## Your assignment
From the data below, repeat exactly the lines from the line with "Oxygen OS 11" to the line with "vivara777slots", both included.

## Data to use

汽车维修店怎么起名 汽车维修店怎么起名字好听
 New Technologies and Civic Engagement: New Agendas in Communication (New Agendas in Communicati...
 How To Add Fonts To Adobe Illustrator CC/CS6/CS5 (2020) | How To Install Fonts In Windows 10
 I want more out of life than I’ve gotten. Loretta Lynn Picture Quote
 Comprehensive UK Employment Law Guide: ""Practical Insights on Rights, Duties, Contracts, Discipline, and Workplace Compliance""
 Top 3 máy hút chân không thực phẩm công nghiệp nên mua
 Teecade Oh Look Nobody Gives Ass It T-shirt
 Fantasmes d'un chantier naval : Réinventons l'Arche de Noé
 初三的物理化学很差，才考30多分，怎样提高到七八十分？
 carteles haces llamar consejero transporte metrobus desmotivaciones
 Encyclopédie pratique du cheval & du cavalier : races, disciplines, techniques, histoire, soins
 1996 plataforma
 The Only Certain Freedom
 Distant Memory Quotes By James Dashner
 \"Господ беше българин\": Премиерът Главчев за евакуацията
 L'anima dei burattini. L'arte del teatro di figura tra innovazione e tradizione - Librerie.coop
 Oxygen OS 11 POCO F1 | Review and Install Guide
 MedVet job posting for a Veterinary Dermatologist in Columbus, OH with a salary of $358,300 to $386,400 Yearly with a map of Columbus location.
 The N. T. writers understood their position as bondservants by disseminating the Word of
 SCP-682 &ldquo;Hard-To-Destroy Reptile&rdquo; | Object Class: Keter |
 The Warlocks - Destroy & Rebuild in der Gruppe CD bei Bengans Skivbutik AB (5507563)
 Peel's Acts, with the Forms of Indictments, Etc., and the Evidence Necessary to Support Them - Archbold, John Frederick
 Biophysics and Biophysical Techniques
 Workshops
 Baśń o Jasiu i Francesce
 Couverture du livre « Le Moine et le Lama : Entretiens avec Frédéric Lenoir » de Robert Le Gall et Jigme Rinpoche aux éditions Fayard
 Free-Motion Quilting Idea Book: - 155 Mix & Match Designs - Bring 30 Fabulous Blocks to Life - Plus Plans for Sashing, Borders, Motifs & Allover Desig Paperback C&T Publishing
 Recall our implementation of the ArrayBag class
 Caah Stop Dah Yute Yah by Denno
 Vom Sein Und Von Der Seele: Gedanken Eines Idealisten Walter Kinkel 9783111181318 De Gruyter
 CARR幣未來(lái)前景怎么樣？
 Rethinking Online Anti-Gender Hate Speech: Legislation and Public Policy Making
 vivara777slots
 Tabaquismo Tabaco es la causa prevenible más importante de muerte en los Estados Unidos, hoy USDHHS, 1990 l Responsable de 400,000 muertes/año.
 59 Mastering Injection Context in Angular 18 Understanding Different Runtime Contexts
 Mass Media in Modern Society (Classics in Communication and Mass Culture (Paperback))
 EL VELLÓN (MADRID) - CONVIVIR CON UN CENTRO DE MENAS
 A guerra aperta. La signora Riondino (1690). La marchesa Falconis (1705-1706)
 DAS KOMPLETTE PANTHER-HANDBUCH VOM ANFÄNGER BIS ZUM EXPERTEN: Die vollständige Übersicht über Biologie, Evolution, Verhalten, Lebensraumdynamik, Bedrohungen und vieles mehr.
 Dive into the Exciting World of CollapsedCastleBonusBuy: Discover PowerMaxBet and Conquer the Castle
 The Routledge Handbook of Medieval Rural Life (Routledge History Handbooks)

## Answer to this task
 Oxygen OS 11 POCO F1 | Review and Install Guide
 MedVet job posting for a Veterinary Dermatologist in Columbus, OH with a salary of $358,300 to $386,400 Yearly with a map of Columbus location.
 The N. T. writers understood their position as bondservants by disseminating the Word of
 SCP-682 &ldquo;Hard-To-Destroy Reptile&rdquo; | Object Class: Keter |
 The Warlocks - Destroy & Rebuild in der Gruppe CD bei Bengans Skivbutik AB (5507563)
 Peel's Acts, with the Forms of Indictments, Etc., and the Evidence Necessary to Support Them - Archbold, John Frederick
 Biophysics and Biophysical Techniques
 Workshops
 Baśń o Jasiu i Francesce
 Couverture du livre « Le Moine et le Lama : Entretiens avec Frédéric Lenoir » de Robert Le Gall et Jigme Rinpoche aux éditions Fayard
 Free-Motion Quilting Idea Book: - 155 Mix & Match Designs - Bring 30 Fabulous Blocks to Life - Plus Plans for Sashing, Borders, Motifs & Allover Desig Paperback C&T Publishing
 Recall our implementation of the ArrayBag class
 Caah Stop Dah Yute Yah by Denno
 Vom Sein Und Von Der Seele: Gedanken Eines Idealisten Walter Kinkel 9783111181318 De Gruyter
 CARR幣未來(lái)前景怎么樣？
 Rethinking Online Anti-Gender Hate Speech: Legislation and Public Policy Making
 vivara777slots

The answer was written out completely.